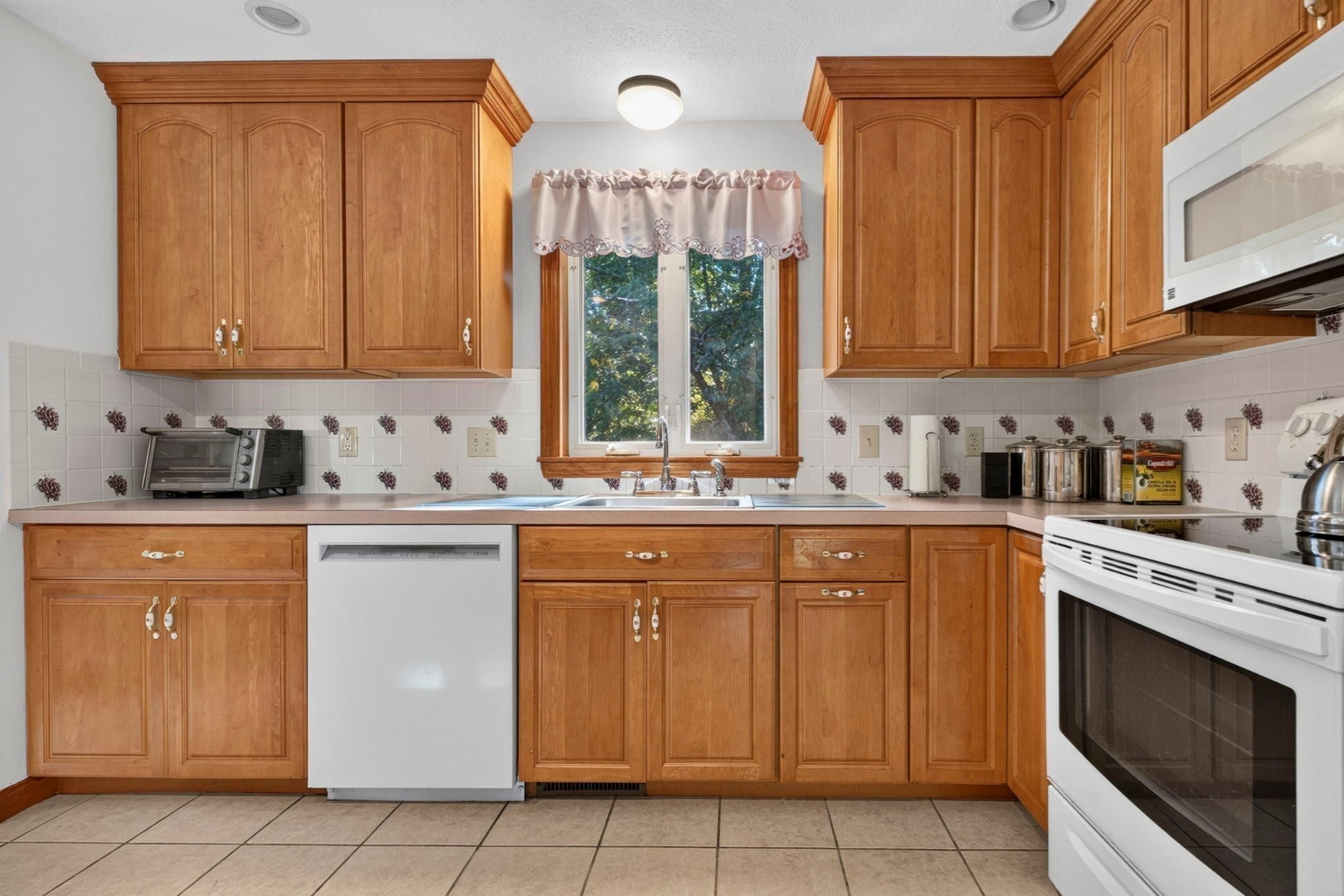 4 Wildwood Terrace, Saugus, MA, 4 Wildwood Terrace, Saugus, MA Photo #13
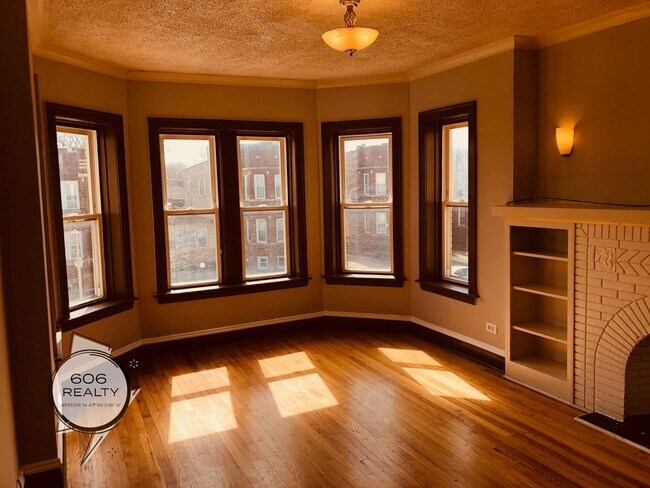 Building Photo - 5218 W Crystal St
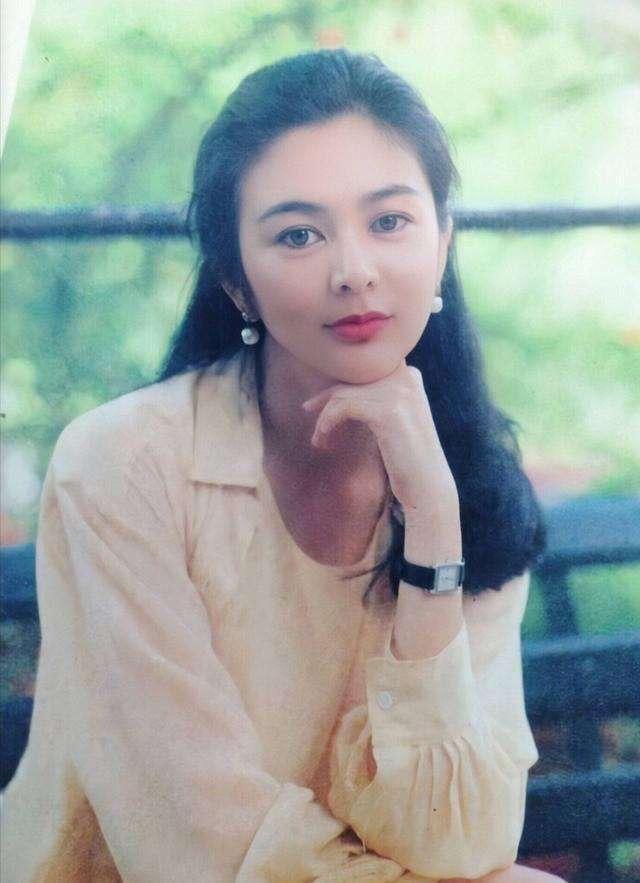 夏日福星关之琳，关之琳谈小三事件（香江第一美人-关之琳的欲望、任性和率性）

● ● ● ●

Word for word, print the material above, but without its pictures.

 4 Wildwood Terrace, Saugus, MA, 4 Wildwood Terrace, Saugus, MA Photo #13
 Building Photo - 5218 W Crystal St
 夏日福星关之琳，关之琳谈小三事件（香江第一美人-关之琳的欲望、任性和率性）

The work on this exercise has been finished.